Posted Friday night, May 11, 2018.
No George Smiley: Philip Seymour Hoffman as Gunther Backmann, a German spymaster on the hunt for terrorists, contemplates his next move while wondering if he’s acting on principle or out of ruthless ambition in one of Hoffman’s last movies, Anton Corbijn’s adaptation of John le Carre’s novel, “A Most Wanted Man”.
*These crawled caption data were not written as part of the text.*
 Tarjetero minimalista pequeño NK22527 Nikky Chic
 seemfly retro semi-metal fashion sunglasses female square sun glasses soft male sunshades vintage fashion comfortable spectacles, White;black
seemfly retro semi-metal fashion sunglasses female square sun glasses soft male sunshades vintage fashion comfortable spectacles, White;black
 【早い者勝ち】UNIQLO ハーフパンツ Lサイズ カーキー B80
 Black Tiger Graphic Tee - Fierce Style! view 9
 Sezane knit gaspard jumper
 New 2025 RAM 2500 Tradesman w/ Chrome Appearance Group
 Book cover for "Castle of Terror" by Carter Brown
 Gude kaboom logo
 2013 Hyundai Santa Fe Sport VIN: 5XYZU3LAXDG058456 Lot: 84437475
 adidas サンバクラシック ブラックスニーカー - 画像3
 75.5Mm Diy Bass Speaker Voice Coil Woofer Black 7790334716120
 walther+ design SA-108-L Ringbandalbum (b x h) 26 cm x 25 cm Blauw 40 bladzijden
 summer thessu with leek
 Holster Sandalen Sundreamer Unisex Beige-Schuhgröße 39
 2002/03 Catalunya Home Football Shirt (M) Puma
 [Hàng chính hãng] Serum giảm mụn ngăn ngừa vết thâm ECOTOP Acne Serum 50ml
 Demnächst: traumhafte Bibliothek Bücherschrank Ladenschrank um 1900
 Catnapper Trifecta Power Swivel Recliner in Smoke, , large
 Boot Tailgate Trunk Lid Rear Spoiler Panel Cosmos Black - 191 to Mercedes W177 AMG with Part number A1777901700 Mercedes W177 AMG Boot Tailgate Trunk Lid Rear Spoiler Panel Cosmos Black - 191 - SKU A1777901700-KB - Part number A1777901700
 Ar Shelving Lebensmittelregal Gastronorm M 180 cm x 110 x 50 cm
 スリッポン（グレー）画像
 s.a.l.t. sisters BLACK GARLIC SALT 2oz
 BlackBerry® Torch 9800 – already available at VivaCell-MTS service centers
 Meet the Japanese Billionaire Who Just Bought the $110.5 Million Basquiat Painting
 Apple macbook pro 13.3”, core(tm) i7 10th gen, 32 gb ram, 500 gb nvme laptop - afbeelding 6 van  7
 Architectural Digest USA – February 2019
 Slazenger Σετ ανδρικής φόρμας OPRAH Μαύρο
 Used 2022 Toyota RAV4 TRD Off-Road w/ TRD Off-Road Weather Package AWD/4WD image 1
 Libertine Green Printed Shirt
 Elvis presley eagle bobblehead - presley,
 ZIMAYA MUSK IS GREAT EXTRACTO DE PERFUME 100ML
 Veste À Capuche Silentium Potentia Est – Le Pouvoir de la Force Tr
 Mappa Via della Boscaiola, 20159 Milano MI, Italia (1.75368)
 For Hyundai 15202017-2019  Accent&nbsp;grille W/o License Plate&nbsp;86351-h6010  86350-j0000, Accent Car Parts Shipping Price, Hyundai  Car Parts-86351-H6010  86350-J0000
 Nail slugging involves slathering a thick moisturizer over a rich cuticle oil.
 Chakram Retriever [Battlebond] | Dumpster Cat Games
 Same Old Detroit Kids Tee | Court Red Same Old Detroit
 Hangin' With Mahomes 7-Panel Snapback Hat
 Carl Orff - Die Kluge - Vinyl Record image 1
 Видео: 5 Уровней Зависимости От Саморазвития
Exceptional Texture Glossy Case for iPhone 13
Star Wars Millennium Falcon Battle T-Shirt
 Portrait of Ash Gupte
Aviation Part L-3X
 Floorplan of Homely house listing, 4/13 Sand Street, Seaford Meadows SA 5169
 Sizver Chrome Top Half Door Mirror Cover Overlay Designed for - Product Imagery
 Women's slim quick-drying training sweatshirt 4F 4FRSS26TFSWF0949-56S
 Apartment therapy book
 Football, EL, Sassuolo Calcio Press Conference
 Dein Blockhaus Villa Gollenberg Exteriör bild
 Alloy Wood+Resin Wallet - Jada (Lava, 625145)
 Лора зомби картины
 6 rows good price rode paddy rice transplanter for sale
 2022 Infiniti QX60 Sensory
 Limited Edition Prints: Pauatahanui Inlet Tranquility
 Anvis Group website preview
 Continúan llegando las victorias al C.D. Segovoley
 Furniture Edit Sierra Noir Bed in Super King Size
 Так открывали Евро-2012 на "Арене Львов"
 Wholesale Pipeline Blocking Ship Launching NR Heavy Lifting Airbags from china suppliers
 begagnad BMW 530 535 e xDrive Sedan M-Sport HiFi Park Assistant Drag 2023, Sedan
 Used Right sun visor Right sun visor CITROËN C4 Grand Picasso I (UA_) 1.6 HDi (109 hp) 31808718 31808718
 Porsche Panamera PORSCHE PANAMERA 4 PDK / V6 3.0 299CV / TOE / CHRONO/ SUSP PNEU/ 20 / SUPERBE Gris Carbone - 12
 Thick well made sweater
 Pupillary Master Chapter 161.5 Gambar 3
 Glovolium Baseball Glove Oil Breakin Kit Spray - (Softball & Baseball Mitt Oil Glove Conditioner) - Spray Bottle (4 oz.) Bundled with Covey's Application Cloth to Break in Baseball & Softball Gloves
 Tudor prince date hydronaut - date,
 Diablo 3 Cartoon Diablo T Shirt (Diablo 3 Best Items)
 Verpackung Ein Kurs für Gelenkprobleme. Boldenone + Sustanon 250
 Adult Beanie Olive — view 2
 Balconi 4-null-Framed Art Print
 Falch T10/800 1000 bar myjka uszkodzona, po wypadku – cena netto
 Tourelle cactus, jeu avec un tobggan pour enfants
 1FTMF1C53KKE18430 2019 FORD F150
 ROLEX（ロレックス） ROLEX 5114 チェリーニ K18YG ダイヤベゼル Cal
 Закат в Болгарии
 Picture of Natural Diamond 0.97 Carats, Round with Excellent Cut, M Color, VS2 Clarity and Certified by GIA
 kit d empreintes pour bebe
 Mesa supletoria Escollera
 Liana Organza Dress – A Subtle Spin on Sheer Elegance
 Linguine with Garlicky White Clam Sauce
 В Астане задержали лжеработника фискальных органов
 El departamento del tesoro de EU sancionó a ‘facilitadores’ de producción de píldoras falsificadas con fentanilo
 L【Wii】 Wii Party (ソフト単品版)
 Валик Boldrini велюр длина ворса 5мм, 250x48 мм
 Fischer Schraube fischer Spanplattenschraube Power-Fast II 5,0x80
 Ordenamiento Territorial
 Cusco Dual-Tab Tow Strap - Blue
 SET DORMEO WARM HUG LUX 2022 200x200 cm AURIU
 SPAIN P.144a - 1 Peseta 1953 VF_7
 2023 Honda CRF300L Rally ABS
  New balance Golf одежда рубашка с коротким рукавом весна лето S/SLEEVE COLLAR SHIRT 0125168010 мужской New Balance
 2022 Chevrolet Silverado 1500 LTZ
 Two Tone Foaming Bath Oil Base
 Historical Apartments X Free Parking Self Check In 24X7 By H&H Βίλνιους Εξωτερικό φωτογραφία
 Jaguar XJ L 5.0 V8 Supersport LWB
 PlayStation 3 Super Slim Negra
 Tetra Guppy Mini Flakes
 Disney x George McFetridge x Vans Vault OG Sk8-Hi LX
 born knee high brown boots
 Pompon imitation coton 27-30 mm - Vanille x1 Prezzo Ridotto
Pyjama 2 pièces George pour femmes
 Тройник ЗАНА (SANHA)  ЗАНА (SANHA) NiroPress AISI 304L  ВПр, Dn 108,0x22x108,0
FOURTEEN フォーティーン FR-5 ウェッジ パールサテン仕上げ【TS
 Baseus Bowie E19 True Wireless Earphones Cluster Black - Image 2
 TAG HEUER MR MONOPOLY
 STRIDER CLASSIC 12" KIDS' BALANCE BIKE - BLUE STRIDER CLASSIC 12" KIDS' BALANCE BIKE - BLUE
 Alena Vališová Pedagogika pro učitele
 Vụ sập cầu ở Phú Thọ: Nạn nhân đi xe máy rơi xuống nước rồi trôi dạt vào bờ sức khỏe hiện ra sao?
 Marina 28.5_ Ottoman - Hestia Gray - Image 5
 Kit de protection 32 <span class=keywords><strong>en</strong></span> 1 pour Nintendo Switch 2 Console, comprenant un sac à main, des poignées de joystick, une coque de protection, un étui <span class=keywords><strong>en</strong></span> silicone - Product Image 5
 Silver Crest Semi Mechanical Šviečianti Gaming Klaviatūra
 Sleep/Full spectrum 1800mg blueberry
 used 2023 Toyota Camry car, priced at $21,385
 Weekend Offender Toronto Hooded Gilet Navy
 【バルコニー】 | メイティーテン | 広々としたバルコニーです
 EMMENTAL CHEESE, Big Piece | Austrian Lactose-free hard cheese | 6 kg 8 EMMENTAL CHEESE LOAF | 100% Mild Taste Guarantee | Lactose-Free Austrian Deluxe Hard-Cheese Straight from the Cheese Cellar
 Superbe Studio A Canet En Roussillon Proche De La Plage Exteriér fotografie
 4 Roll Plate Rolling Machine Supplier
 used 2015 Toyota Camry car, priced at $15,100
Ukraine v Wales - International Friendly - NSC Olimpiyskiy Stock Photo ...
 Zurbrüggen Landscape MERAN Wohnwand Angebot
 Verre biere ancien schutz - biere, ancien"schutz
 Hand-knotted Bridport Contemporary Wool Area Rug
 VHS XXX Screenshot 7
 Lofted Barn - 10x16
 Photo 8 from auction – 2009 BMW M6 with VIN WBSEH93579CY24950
I’ve been on a John le Carré kick today, going back and forth from “The Spy Who Came in from the Cold” and its companion novel---is there a name for a book or movie that takes place at the same time with some of the same characters and tells a parallel story as another book or movie in the same series? There are prequels and sequels. Are there side-quels?---le Carré’s latest, “A Legacy of Spies”. This has put me in the mood to watch a movie based on one of his novels. Nope. Not “The Spy Who Came in from the Cold”. Saving that one for a Family Movie Night. Same with "Our Kind of Traitor". We're saving that one too. And not “Tinker Tailor Soldier Spy”. Still too vivid in my memory after six years. Not “The Constant Gardener” either. That one’s never grabbed me. “The Tailor of Panama” would be fun, but I’m not in the mood for “fun.” And not “Little Drummer Girl”. I’m waiting for the miniseries. I could go with “Russia House” but, again, nope. I’m going with this one. “A Most Wanted Man”. Because…Philip Seymour Hoffman. Is there a better reason? Here’s my review from when it was in the theaters, back in the summer of 2014…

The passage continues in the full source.